Lo más probable, como en el caso de la manzana de Newton, es que la historia se haya inflado y exagerado a lo largo de los siglos, pero en todo caso refleja -si no en la letra, al menos en el espíritu- la extraordinaria imaginación y creatividad del que muchos consideran el matemático más grande de todos los tiempos. Al fin y al cabo, la ciencia, como cualquier otra actividad humana, también necesita mitos idealizados para inspirarse, y no cabe duda de que aquel primer «¡Eureka!», aunque tenga algo de fábula, ha iluminado y sigue iluminando el camino a todos aquéllos que buscan la verdad con las herramientas de la razón.
No deja de resultar paradójico que el hallazgo más famoso de Arquímedes le pillara justamente en la bañera. Y es que el gran sabio de Siracusa, un puerto marítimo de Sicilia que en aquella época era una colonia de la Antigua Grecia, tenía fama de lavarse muy poco, debido a su dedicación obsesiva a las ecuaciones y las raíces cuadradas.
Cuenta Plutarco que, con frecuencia, la dejadez de este genio despistado en cuestiones de higiene personal era tan grave que sus sirvientes no tenían más remedio que obligarle a bañarse contra su voluntad. Pero incluso cuando ya no tenía más remedio que dedicarse a estos menesteres, también aprovechaba aquellos momentos para seguir garabateando fórmulas y figuras geométricas, utilizando su propio cuerpo enjabonado a modo de pizarra. Según el célebre historiador griego, a Arquímedes lo que más le apasionaba era abandonarse, en una especie de trance, a «aquellas especulaciones más puras en las que no puede haber referencia a las vulgares necesidades de la vida».
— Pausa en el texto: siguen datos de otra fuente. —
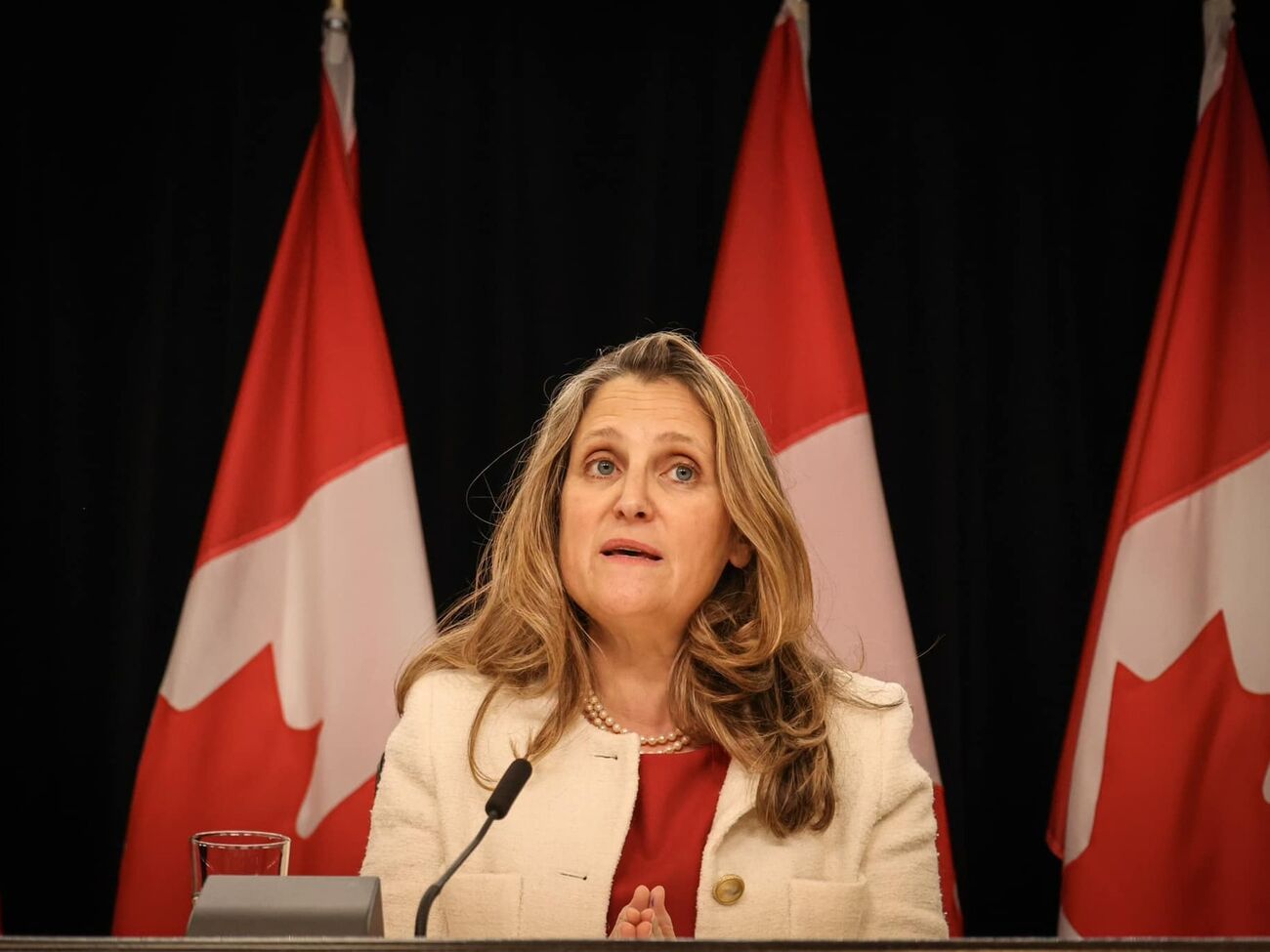 Фриланд официально объявит свою заявку еще до того, как новоизбранный президент США Дональд Трамп примет присягу 20 января, пишет СМИ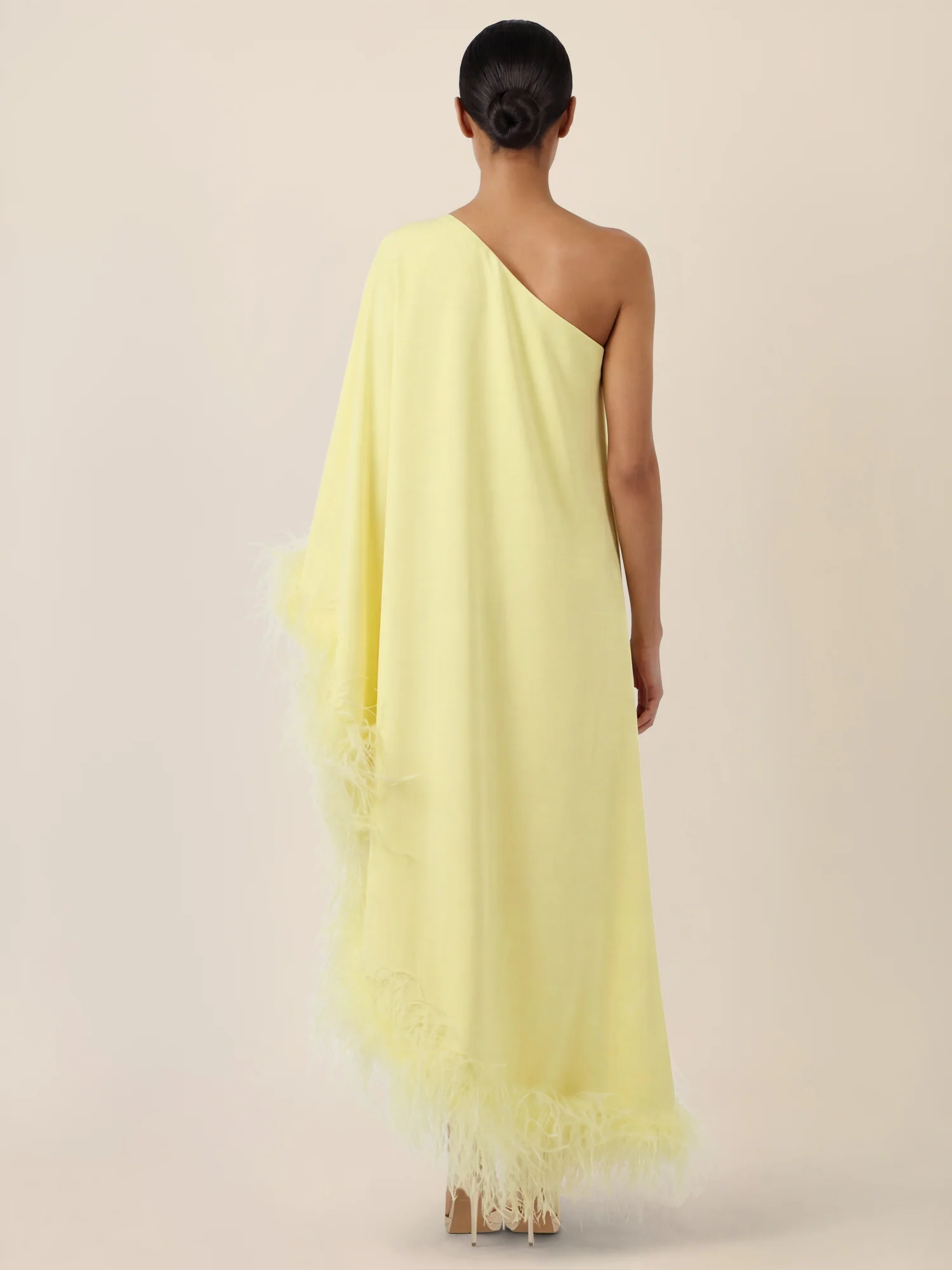 APART Asymmetrisches Abendkleid mit Federn | vanille - Image 2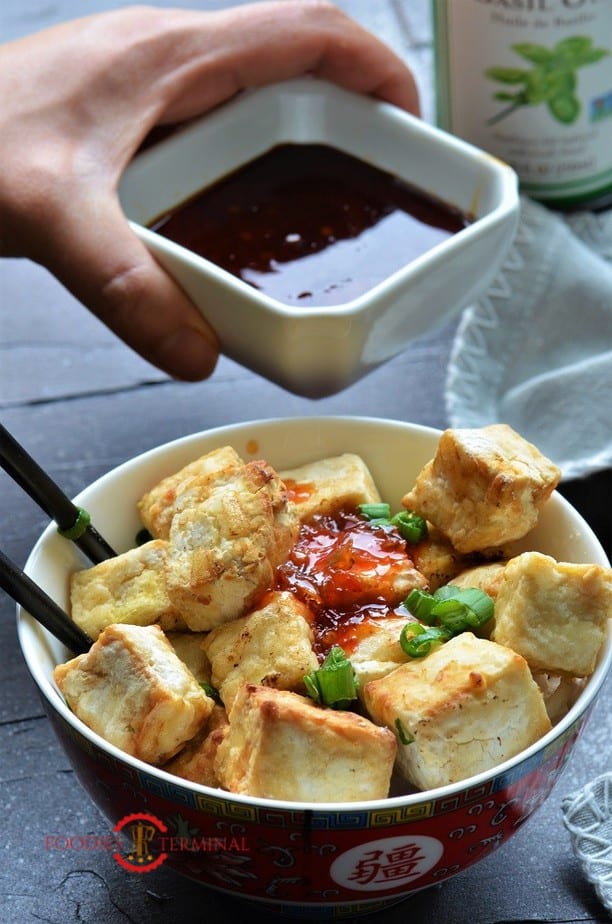 Crispy Air Fried Tofu served with sauce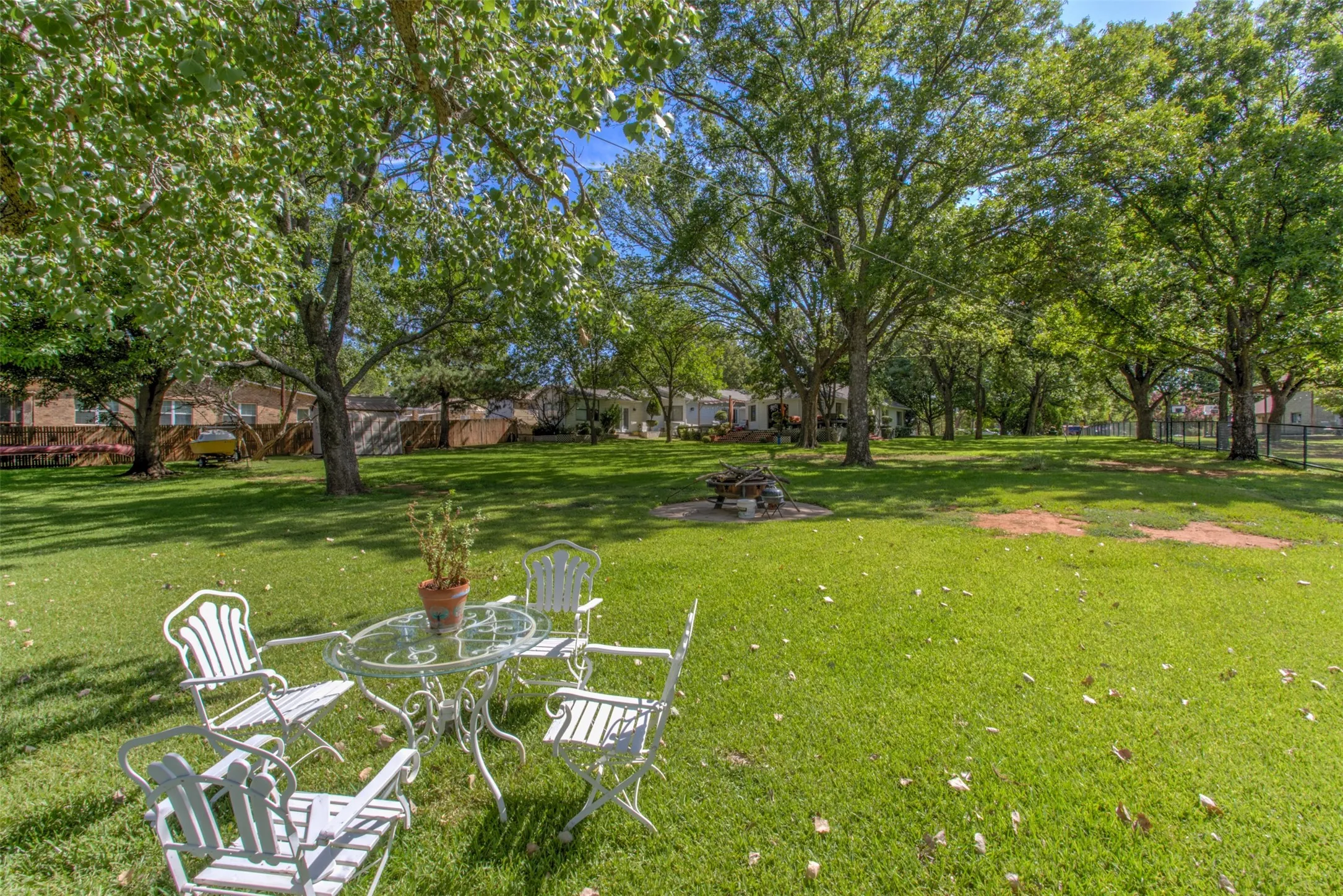 Single Family Residence For Sale in Wise County , 371 County Road 4874, Newark, Texas 76071, 4 Bedroom, 3 Bathroom, 2 Garage spaces, 2,611 Sqft, built in 1985, mls#21322183, Real Estate Agent in Newark, Homes For Sale in Wise county, Homes For Sale in Newark, Realtor in Newark Texas, Real Estate Brokerage Independent Realty Texas, Luminita Cordes Realtor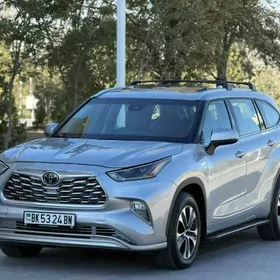 Toyota Highlander 2022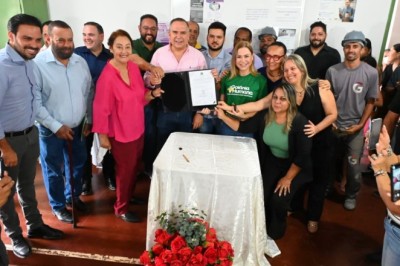 Prefeito Sandro Mabel assina ordem de serviço para reforma de Cras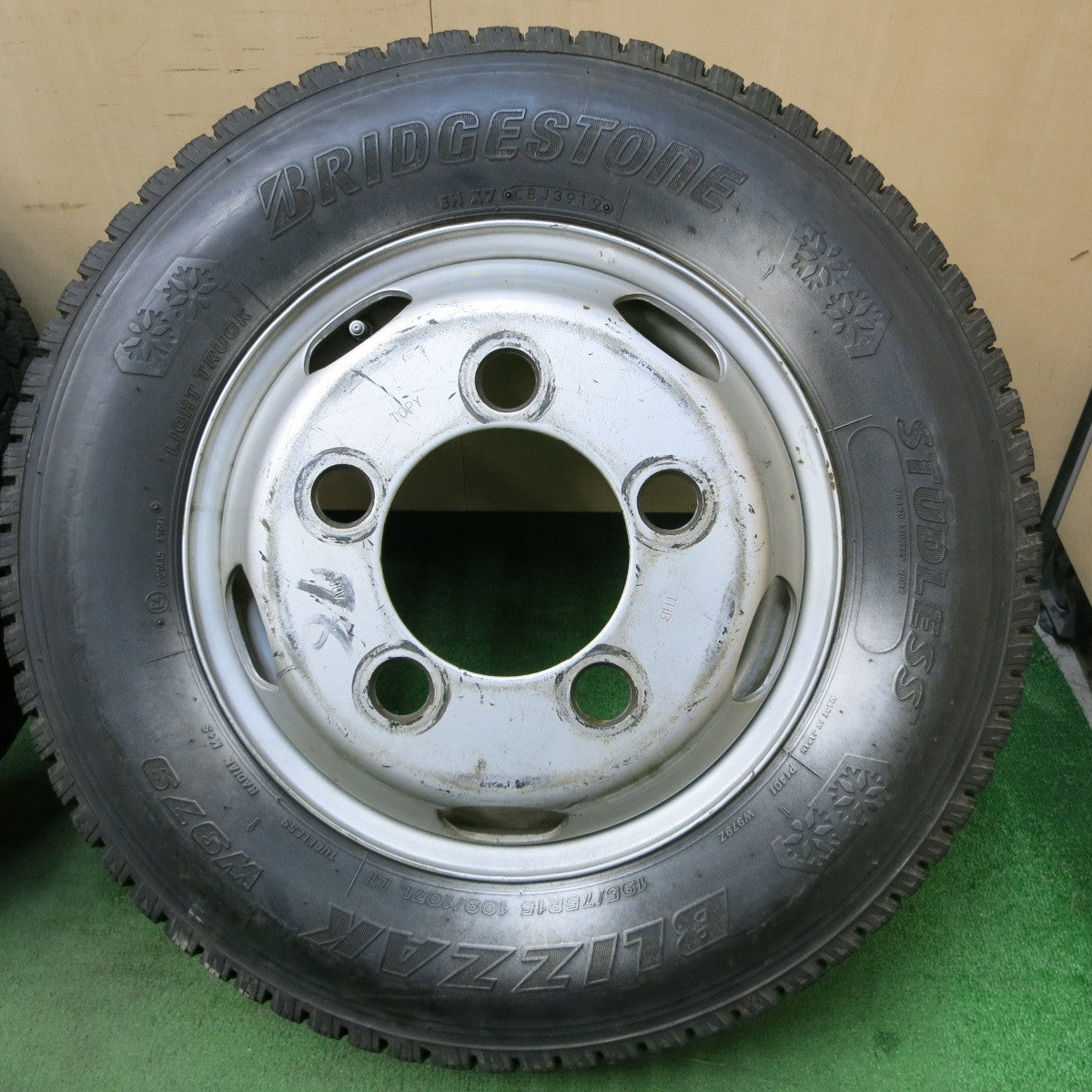 [送料無料] バリ溝！8.5分！6本★トラック タイヤ 195/75R15 109/107L スタッドレス ブリヂストン ブリザック W979 TOPY スチール 15インチ PCD203.2/5H★5031501ナス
Sin embargo, el primer histórico «¡Eureka!» no surgió a raíz de una reflexión teórica alejada de la vida cotidiana, sino de un problema eminentemente práctico. Por mucho que a Arquímedes le gustara ante todo volar por los cielos especulativos de la matemática pura, a veces le llovían encargos que no tenía más remedio que cumplir, aunque le parecieran banalidades pedestres. En el caso que nos concierne, todo empezó cuando Hierón II, el tirano que entonces gobernaba Siracusa, le pidió al ilustre sabio que comprobara si una corona que le habían fabricado estaba compuesta de oro puro, o si un orfebre deshonesto le había dado gato por liebre, agregando plata u otros metales menos preciosos.Arquímedes se encontró entonces ante un reto considerable, ya que el problema debía resolverse sin dañar la corona, y por lo tanto no podía fundirla para analizar sus componentes. Durante días, le dio mil vueltas en la cabeza, pero no conseguía dar con la solución, hasta que decidió darse su mítico baño para relajarse. Y como andaba, como siempre, ensimismado en sus pensamientos, no se dio cuenta de que había llenado la bañera hasta el borde, así que al meterse dentro, parte del agua se salió fuera. Fue entonces cuando tuvo el momento Eureka en el que se le iluminó la bombilla del conocimiento, al deducir que el volumen de cualquier cuerpo sumergido en agua era igual al volumen de agua desplazada.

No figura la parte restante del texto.